→ **Task**:
Begin with the line that holds "Etude House SoonJung" and retype through the last line of the listing below, exactly; pictures are not part of the copy.

→ **Exercise materials**:

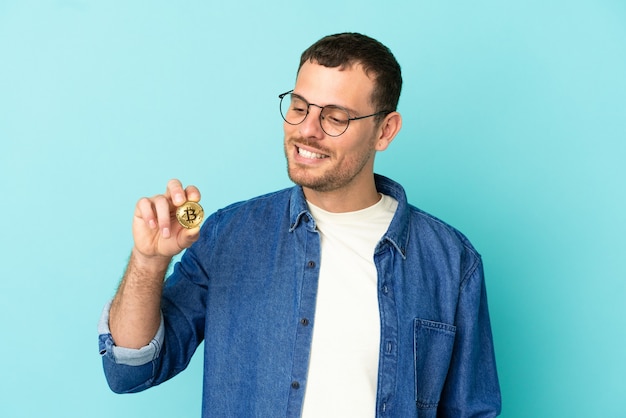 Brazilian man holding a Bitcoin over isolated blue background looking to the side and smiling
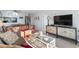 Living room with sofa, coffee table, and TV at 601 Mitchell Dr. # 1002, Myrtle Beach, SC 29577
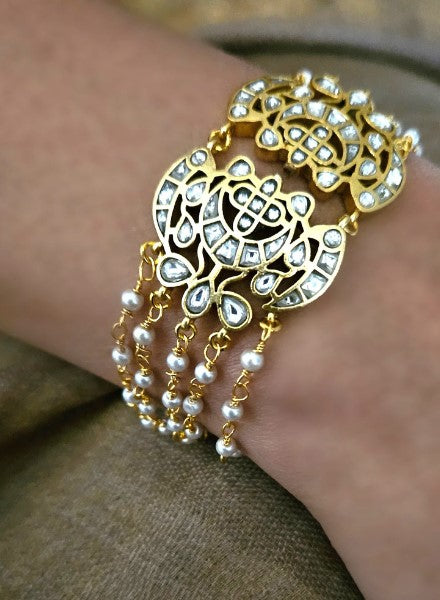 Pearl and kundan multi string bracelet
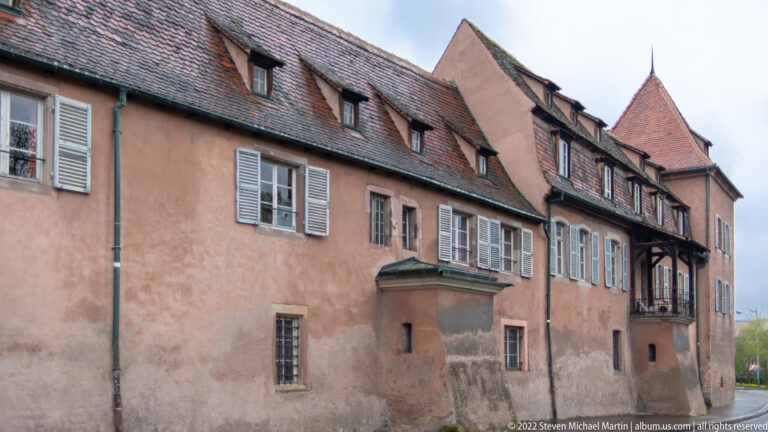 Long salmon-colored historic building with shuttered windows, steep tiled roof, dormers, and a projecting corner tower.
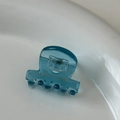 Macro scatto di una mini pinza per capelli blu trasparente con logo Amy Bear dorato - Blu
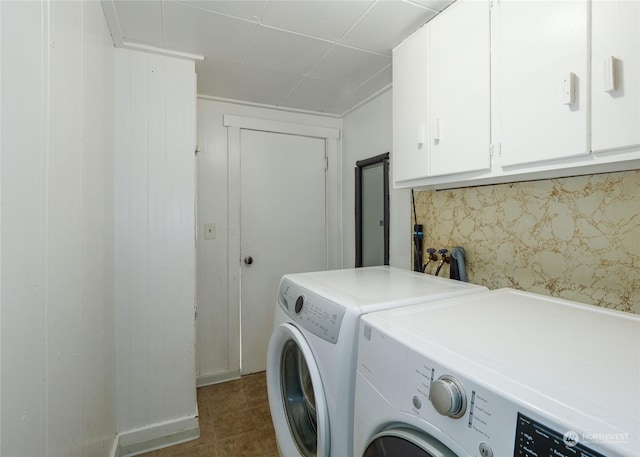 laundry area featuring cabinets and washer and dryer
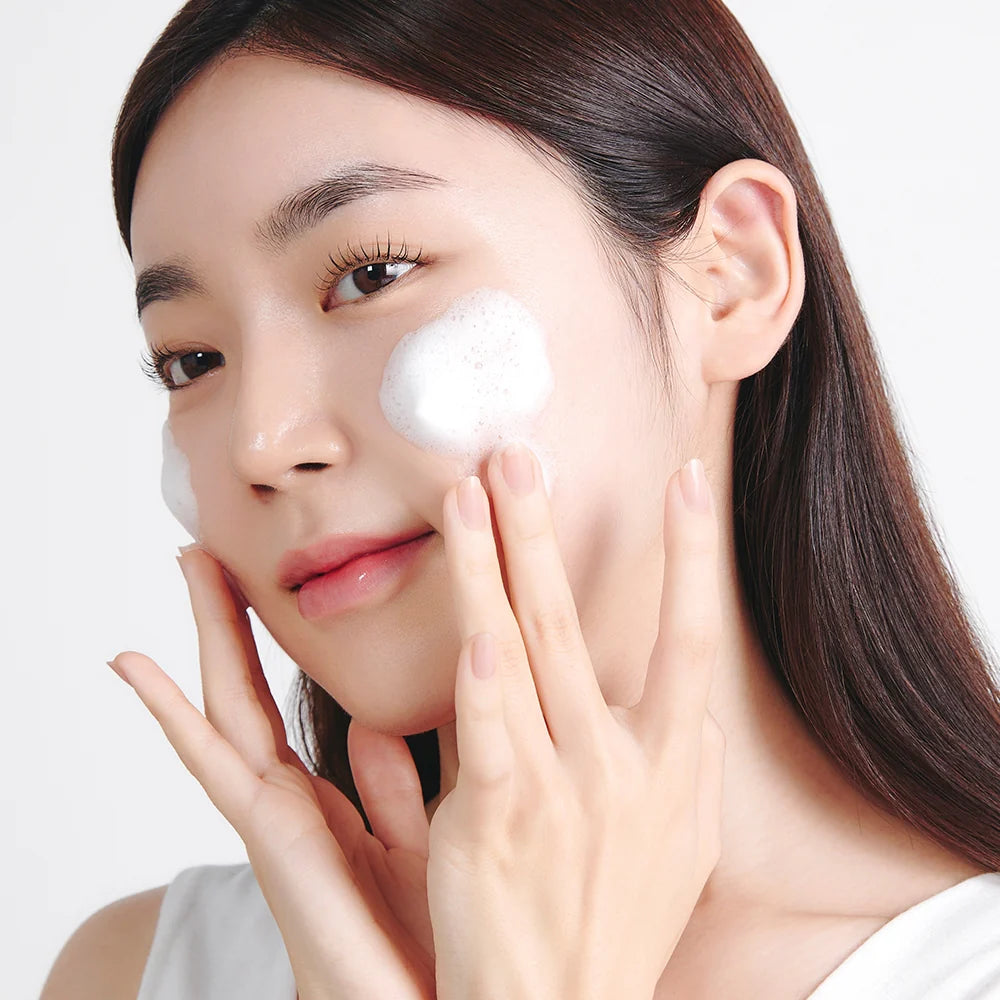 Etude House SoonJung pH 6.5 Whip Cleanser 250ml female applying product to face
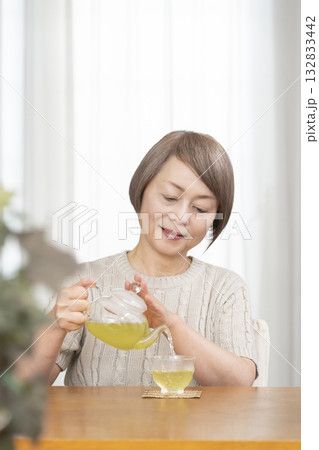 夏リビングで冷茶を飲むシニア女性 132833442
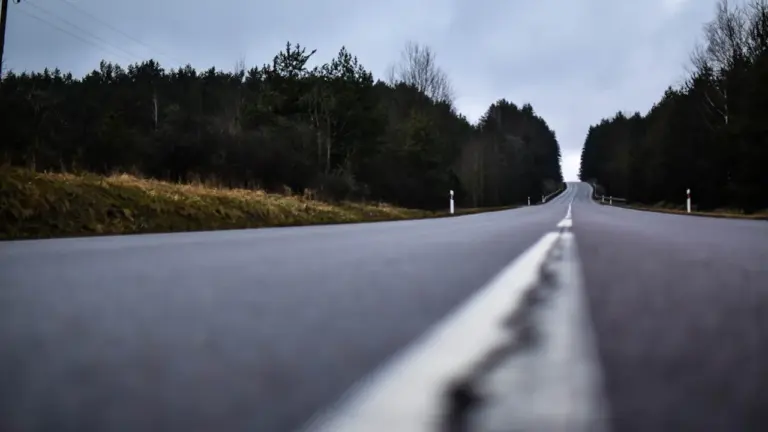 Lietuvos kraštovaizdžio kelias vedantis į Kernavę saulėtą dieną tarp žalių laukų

→ **Result of the task**:
 Etude House SoonJung pH 6.5 Whip Cleanser 250ml female applying product to face
 夏リビングで冷茶を飲むシニア女性 132833442
 Lietuvos kraštovaizdžio kelias vedantis į Kernavę saulėtą dieną tarp žalių laukų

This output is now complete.